§ Problem to work on:
Your answer should hold all lines of the entries that include the word "миниатюра".
_____
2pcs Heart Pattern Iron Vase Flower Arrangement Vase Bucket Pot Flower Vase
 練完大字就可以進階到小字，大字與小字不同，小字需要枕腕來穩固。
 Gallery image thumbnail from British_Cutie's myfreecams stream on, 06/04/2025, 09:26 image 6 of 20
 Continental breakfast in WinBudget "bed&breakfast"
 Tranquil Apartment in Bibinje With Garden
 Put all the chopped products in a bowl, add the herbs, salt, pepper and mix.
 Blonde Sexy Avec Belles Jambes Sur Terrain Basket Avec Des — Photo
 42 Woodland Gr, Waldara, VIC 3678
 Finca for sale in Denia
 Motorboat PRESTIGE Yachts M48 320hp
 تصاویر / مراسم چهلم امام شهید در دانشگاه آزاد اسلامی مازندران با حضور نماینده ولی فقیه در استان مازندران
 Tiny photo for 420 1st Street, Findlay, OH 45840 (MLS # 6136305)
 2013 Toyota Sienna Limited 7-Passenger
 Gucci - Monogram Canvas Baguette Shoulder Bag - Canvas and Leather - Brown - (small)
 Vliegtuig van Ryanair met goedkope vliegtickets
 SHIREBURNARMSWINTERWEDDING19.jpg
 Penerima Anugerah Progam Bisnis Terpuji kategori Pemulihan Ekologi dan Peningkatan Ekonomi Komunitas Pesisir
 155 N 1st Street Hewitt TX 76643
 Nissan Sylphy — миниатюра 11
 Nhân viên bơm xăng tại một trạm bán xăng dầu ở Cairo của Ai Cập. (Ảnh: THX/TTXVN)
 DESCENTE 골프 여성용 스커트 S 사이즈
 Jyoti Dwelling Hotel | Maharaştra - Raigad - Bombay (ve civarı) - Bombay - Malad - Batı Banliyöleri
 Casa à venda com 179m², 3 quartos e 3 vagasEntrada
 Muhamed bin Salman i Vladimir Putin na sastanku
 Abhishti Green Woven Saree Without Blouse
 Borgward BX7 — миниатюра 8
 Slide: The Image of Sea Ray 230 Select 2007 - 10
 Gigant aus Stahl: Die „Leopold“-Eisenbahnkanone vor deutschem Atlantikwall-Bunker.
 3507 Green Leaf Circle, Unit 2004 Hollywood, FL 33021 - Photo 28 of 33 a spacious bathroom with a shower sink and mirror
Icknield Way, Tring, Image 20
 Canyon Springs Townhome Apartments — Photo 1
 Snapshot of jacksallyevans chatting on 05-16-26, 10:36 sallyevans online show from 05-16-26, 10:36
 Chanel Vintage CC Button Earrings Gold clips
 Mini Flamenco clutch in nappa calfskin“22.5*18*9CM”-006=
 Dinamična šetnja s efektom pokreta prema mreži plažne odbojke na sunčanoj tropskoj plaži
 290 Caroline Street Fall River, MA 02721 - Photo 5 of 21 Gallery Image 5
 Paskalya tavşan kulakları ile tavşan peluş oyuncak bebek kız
_____
§ Task response:
 Nissan Sylphy — миниатюра 11
 Borgward BX7 — миниатюра 8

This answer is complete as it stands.